#### Dataset excerpts

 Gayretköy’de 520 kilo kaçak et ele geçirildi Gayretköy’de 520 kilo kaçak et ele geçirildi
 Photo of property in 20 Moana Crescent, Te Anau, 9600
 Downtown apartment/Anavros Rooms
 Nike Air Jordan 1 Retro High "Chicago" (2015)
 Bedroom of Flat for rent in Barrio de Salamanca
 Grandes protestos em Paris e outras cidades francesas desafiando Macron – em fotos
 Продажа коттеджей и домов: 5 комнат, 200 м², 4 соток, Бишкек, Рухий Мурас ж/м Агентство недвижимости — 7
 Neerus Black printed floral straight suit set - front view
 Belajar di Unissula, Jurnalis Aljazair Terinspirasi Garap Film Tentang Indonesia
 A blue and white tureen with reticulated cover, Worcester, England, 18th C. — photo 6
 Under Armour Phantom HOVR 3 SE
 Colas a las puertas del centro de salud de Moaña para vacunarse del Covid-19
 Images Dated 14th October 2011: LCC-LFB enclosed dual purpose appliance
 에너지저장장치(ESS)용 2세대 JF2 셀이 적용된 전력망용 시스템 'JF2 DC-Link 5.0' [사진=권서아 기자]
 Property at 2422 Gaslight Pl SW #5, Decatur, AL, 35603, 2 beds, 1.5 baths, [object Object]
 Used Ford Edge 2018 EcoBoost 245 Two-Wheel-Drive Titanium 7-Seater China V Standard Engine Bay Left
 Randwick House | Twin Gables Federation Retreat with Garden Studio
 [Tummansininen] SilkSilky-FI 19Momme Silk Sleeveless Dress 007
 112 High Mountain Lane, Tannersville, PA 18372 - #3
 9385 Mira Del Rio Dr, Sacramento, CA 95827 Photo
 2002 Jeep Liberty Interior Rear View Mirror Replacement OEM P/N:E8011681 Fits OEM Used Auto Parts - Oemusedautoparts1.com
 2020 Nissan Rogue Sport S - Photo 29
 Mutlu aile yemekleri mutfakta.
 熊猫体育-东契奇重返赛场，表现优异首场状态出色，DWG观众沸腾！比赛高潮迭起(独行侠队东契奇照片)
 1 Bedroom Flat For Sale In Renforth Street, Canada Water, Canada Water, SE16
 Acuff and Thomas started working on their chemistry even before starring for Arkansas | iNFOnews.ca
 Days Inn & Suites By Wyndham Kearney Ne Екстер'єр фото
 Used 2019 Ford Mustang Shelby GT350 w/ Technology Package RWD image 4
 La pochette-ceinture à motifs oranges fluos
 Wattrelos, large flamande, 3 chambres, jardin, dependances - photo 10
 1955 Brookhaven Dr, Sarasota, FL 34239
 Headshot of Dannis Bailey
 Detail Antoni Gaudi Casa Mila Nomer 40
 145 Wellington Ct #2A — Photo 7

########

What you should do:
Nothing in the records should differ from the original when you retype them.

Expected output:
 Gayretköy’de 520 kilo kaçak et ele geçirildi Gayretköy’de 520 kilo kaçak et ele geçirildi
 Photo of property in 20 Moana Crescent, Te Anau, 9600
 Downtown apartment/Anavros Rooms
 Nike Air Jordan 1 Retro High "Chicago" (2015)
 Bedroom of Flat for rent in Barrio de Salamanca
 Grandes protestos em Paris e outras cidades francesas desafiando Macron – em fotos
 Продажа коттеджей и домов: 5 комнат, 200 м², 4 соток, Бишкек, Рухий Мурас ж/м Агентство недвижимости — 7
 Neerus Black printed floral straight suit set - front view
 Belajar di Unissula, Jurnalis Aljazair Terinspirasi Garap Film Tentang Indonesia
 A blue and white tureen with reticulated cover, Worcester, England, 18th C. — photo 6
 Under Armour Phantom HOVR 3 SE
 Colas a las puertas del centro de salud de Moaña para vacunarse del Covid-19
 Images Dated 14th October 2011: LCC-LFB enclosed dual purpose appliance
 에너지저장장치(ESS)용 2세대 JF2 셀이 적용된 전력망용 시스템 'JF2 DC-Link 5.0' [사진=권서아 기자]
 Property at 2422 Gaslight Pl SW #5, Decatur, AL, 35603, 2 beds, 1.5 baths, [object Object]
 Used Ford Edge 2018 EcoBoost 245 Two-Wheel-Drive Titanium 7-Seater China V Standard Engine Bay Left
 Randwick House | Twin Gables Federation Retreat with Garden Studio
 [Tummansininen] SilkSilky-FI 19Momme Silk Sleeveless Dress 007
 112 High Mountain Lane, Tannersville, PA 18372 - #3
 9385 Mira Del Rio Dr, Sacramento, CA 95827 Photo
 2002 Jeep Liberty Interior Rear View Mirror Replacement OEM P/N:E8011681 Fits OEM Used Auto Parts - Oemusedautoparts1.com
 2020 Nissan Rogue Sport S - Photo 29
 Mutlu aile yemekleri mutfakta.
 熊猫体育-东契奇重返赛场，表现优异首场状态出色，DWG观众沸腾！比赛高潮迭起(独行侠队东契奇照片)
 1 Bedroom Flat For Sale In Renforth Street, Canada Water, Canada Water, SE16
 Acuff and Thomas started working on their chemistry even before starring for Arkansas | iNFOnews.ca
 Days Inn & Suites By Wyndham Kearney Ne Екстер'єр фото
 Used 2019 Ford Mustang Shelby GT350 w/ Technology Package RWD image 4
 La pochette-ceinture à motifs oranges fluos
 Wattrelos, large flamande, 3 chambres, jardin, dependances - photo 10
 1955 Brookhaven Dr, Sarasota, FL 34239
 Headshot of Dannis Bailey
 Detail Antoni Gaudi Casa Mila Nomer 40
 145 Wellington Ct #2A — Photo 7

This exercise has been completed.